Crude oil prices dropped by 40% in the final quarter of 2018. Instead of going from $75 bbl. on Oct. 1 to the expected $100-bbl. range, oil prices plummeted.
The decline was driven by concerns over the granting of waivers to buyers of Iranian oil as U.S. sanctions against Iran were to start and fear of a global recession in 2019. More supply and less demand than expected sent oil prices straight down. Thankfully, oil prices have rebounded since the end of the year.
In reaction to the oil price drop, investors jettisoned energy stocks. An abundance of sellers with few buyers sent oil and oilfield service company stocks to price levels not seen for a decade or more. It looked more like an industry liquidation event than a bear market fire sale. While the chaos in the energy and stock markets received front page attention, oil company 2019 spending budgets were quickly being redrawn and reduced. The impact of U.S. shale production on oil company profitability raised questions about the future for offshore spending, which barely 60 days earlier was expected to begin driving a Gulf of Mexico recovery.

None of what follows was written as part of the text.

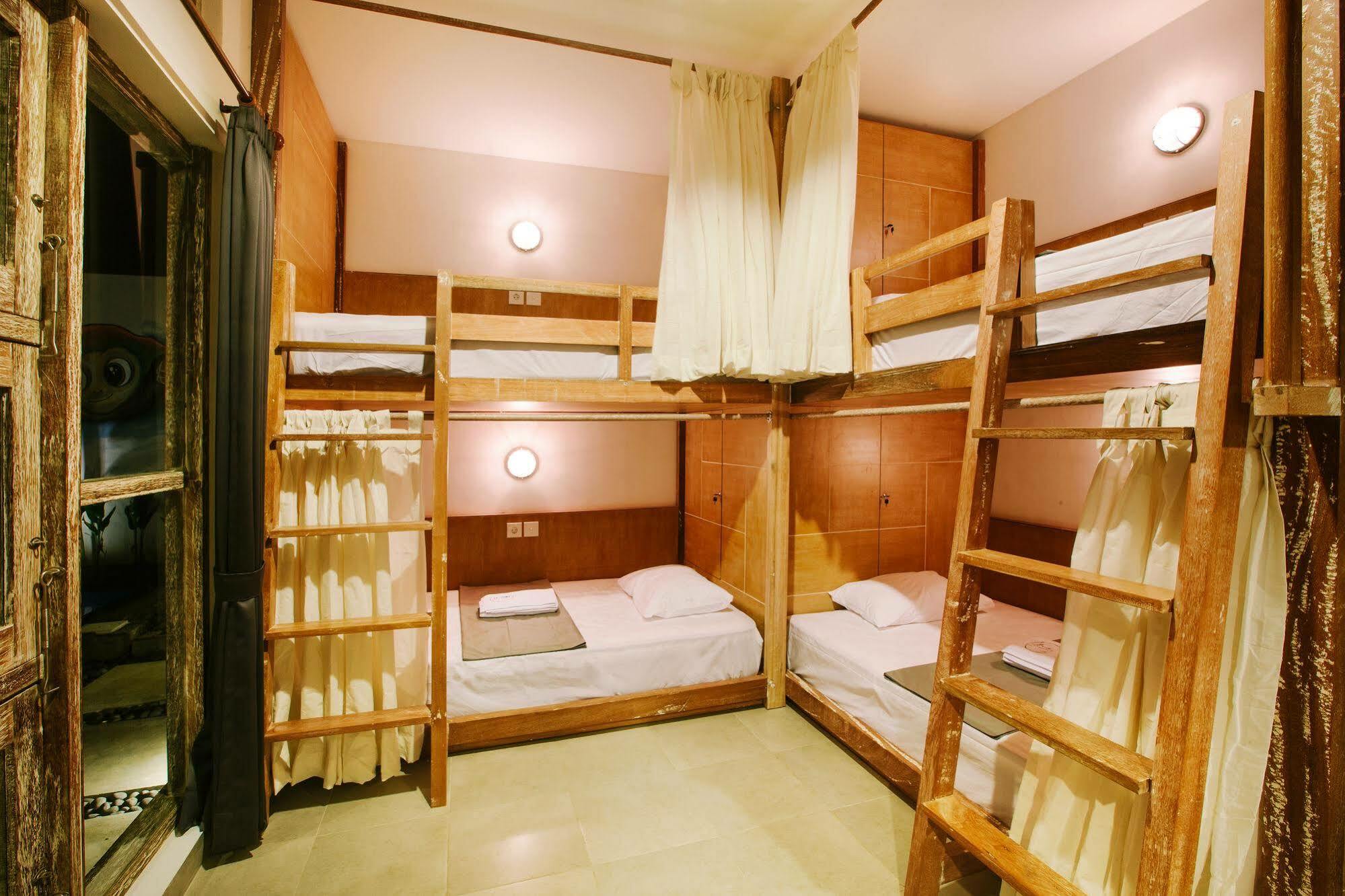 Lokal Bali Hostel Кута Екстериор снимка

The past couple of weeks witnessed a series of announcements with confusing implications for the offshore market. Investment bank Barclays released its 34th Global 2019 E&P Spending Outlook calling for an 8% increase, consistent with last year’s spending hike. Buried in the survey is the expectation for offshore spending to decline 7% this year, marking the fifth consecutive year of declines. That’s a record for the industry, but not a good one. A ray of sunshine Barclays offers for the offshore market is the possibility that 2020 will be the inflection year for industry activity, which they foreshadow with their projected floater rig count increase during 2019.

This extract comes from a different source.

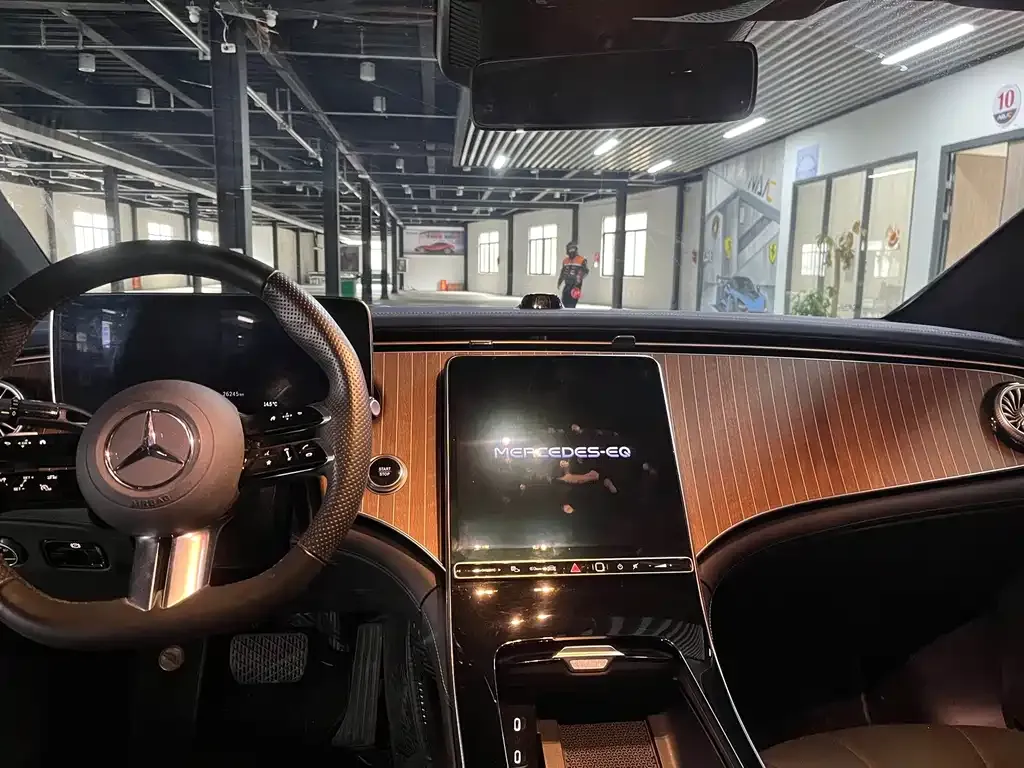 Mercedes-Benz EQE 2024 из CN, фото 3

On an optimistic note, BP announced it has discovered an additional billion barrels of oil at its Thunder Horse field, while also declaring plans to invest $1.3 billion to develop a third phase of its Atlantis offshore field south of New Orleans. Both announcements are welcome shots in the arm for the domestic offshore market. Importantly, BP attributes its progress to having invested in advanced seismic technology, something often cut during industry downturns and belt-tightening periods. Once again, technology is coming to the rescue of the energy business.

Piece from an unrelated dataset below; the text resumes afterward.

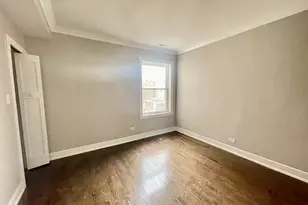 8035 S Essex Ave, Chicago, IL 60617 - Photo 3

The good news in the Gulf was countered by the Norwegian government forecasting crude oil output in its section of the North Sea could fall to the lowest level in 30 years. Output this year is targeted at 1.42 million bbls. per day, a nearly 5% decline from 2018’s production level. With a lower average oil price predicted for this year, oil company revenues and cash flows will fall, as will Norway’s royalty income.
Forecasters with optimistic views for the offshore market in 2019 may still prove to be correct. The commodity roller coaster will provide thrills and chills for energy execs this year. The chaos of 2018 will lurk in the background, leaving confidence about the future perched on an unstable foundation.
Entering the fifth year of turmoil since Saudi Arabia shook up the energy world in 2014, fatigue is weighing on many in the industry. Fighting that fatigue will be the greatest challenge facing managements who cannot approach 2019 as the 10th round of a heavyweight fight. This is a never-ending fight.